Leipzig Sehenswürdigkeiten: Chronik aus Stein
Wer in Leipzig Sehenswürdigkeiten besuchen möchte, für den lohnt sich der Südfriedhof - ein offenes Geschichtsbuch in grandioser Parklandschaft.
Der marmorne Engel ist soeben von seinem Sockel herabgestiegen, gemeinsam mit einer jungen Frau, die er offenbar beschützen will. Die beiden stehen auf einer Wiese, als hätten sie das Grabmal und die Gruft hinter sich gelassen, um weiterzuziehen. Wer nicht mit Alfred E. Otto Paul auf dem Leipziger Südfriedhof unterwegs ist, entdeckt diese Szenerie vermutlich nicht, erfährt nichts über die dazugehörige Geschichte, nichts über die Restaurierung, die das steinerne Duo momentan ins Abseits gestellt hat. Dabei sind es in Leipzig Sehenswürdigkeiten wie diese, die Besuchern die Geschichte besonders nah bringen.
Alfred E. Otto Paul ist Friedhofsführer. Und viel mehr: Sepulkralforscher, also Forscher in Sachen Begräbniskultur, was ihm schon den Mitteldeutschen Historikerpreis eingebracht hat. Vorher war er Technischer Direktor im VEB Bestattungs- und Friedhofswesen, und in der neuen Stadtverwaltung Baudirektor der Friedhöfe. Ausgestiegen aus dem Amt ist er in den späten Neunzigern, weil er von der Sparerei im Rathaus die Nase voll hatte. Und noch weiter vorher war er im Kohletagebau tätig, bis er einen Unfall beim Bergsteigen hatte. Daher wohl sein Hang zu Himmel und Erde.
Leipzig Sehenswürdigkeiten - dazu gehören nicht nur Völkerschlachtdenkmal und Grassimuseum
Heute betreibt Paul ein Fachbüro für Sepulkralkultur, eine Art Architekturbüro für Gräber. Er ist Vorsitzender der Paul-Benndorf-Gesellschaft zu Leipzig, die sich Kulturwerten im Friedhofswesen widmet. Wenn alte Gruften zu öffnen sind, nimmt er auch mal selber den Presslufthammer in die Hand. „Sobald ich tot bin“, schiebt der Friedhofs-Guide in eine seiner ausführlichen Erzählungen ein, „kennt hier kein Mensch mehr die Geschichten. Deshalb schreibe ich wie der Geier alles auf.“ Es folgt der Werbeblock für sein fünftes Buch der Reihe „Die Kunst im Stillen“...
Auch Tübke, Baedeker und Meyer liegen hier begraben
Natürlich weiß Paul auch um alle Details zum beurlaubten Grabesengel und dessen Schützling.

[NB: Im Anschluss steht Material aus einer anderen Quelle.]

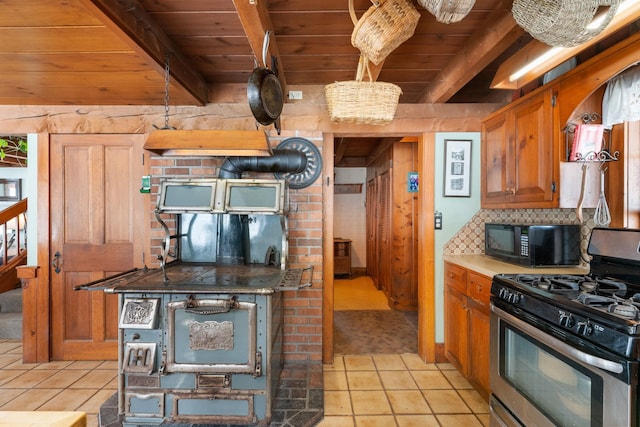 kitchen featuring tasteful backsplash, stainless steel range with gas stovetop, brown cabinets, black microwave, and beam ceiling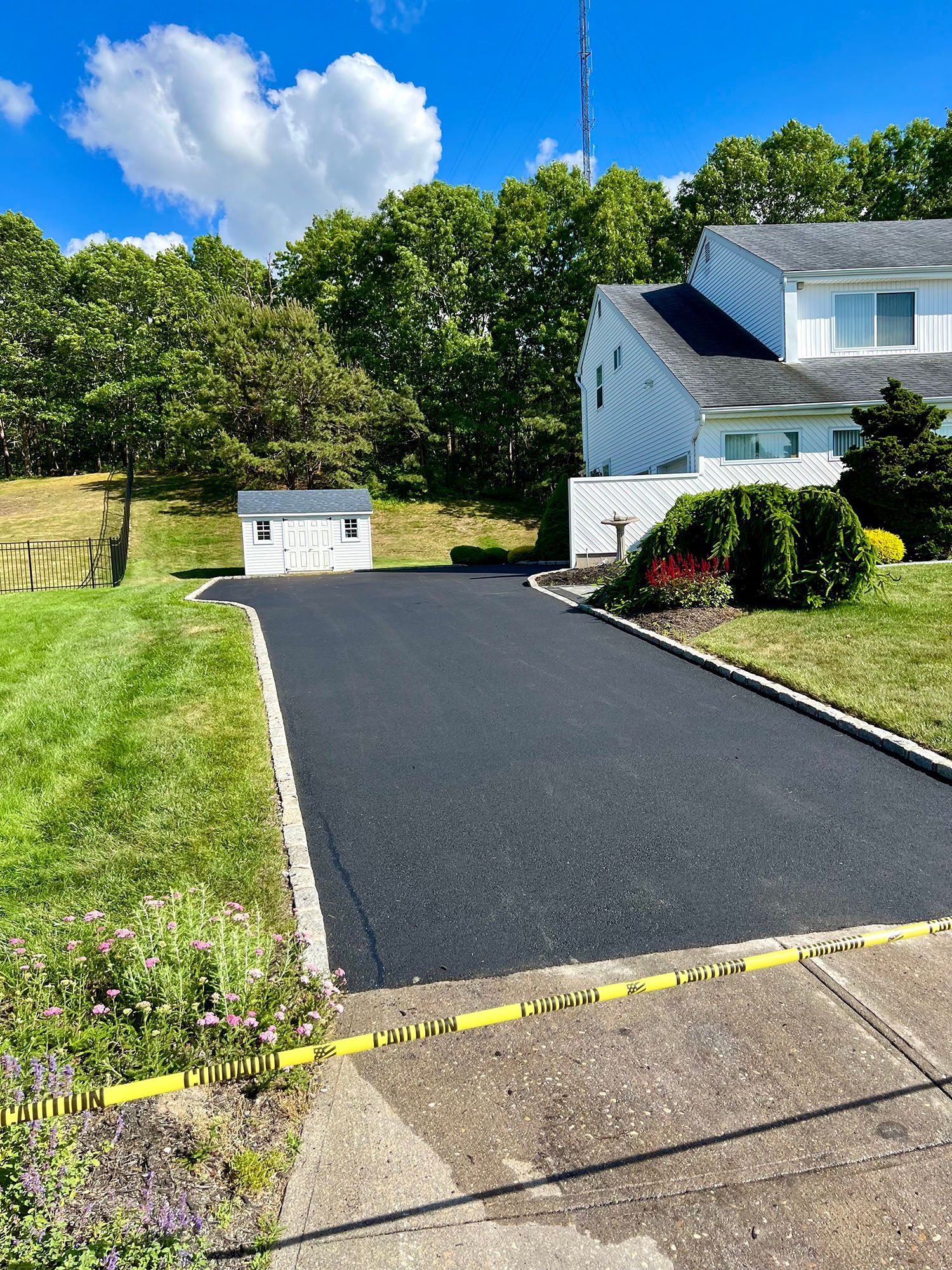 A black driveway leading to a white house surrounded by grass and trees.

Die junge Frau war Edith, die Tochter von Franz Ebert, dem Besitzer des noblen Jugendstil-Kaufhauses neben der innerstädtischen Thomaskirche. Im Ersten Weltkrieg, als sich auch Leipzigs Krankenhäuser mit Verwundeten füllen, meldet sich Edith Ebert im Lazarett St. Georg, um bei der Pflege ihre patriotische Pflicht zu erfüllen. Am 29. September 1915 stirbt sie an einer Sepsis, fünf Tage nach ihrem 24. Geburtstag. Auch über das Grabmal als Kunstwerk berichtet Paul ausführlich. „Geschaffen hat es der Berliner Bildhauer Professor Fritz Heinemann, der als einer der Lieblingsbildhauer des Kaisers gilt…“
Natürlich lohnt es auch, die Tour alleine zu unternehmen. Es gibt genügend Bücher und Pläne, die den Leipziger Südfriedhof erklären und bei der Suche helfen. Nach dem Grab eines Unternehmers, Thomaskantors, Gewandhauskapellmeisters oder Bürgermeisters. Namen wie die der Verleger Baedeker und Meyer – der mit dem Konversations-Lexikon – sind an den Steinen zu lesen, des Zirkusgründers Cliff Aeros oder der Maler Werner Tübke und Wolfgang Mattheuer. Auch Marinus van der Lubbe, Hauptangeklagter beim Prozess um den Reichstagsbrand 1933, ist hier begraben; und Julius Motteler, der „Rote Feldpostmeister“ der Sozialdemokraten. Aus der 1968 gesprengten Universitätskirche wurden die Gebeine des Dichters Christian Fürchtegott Gellert hierher umgebettet.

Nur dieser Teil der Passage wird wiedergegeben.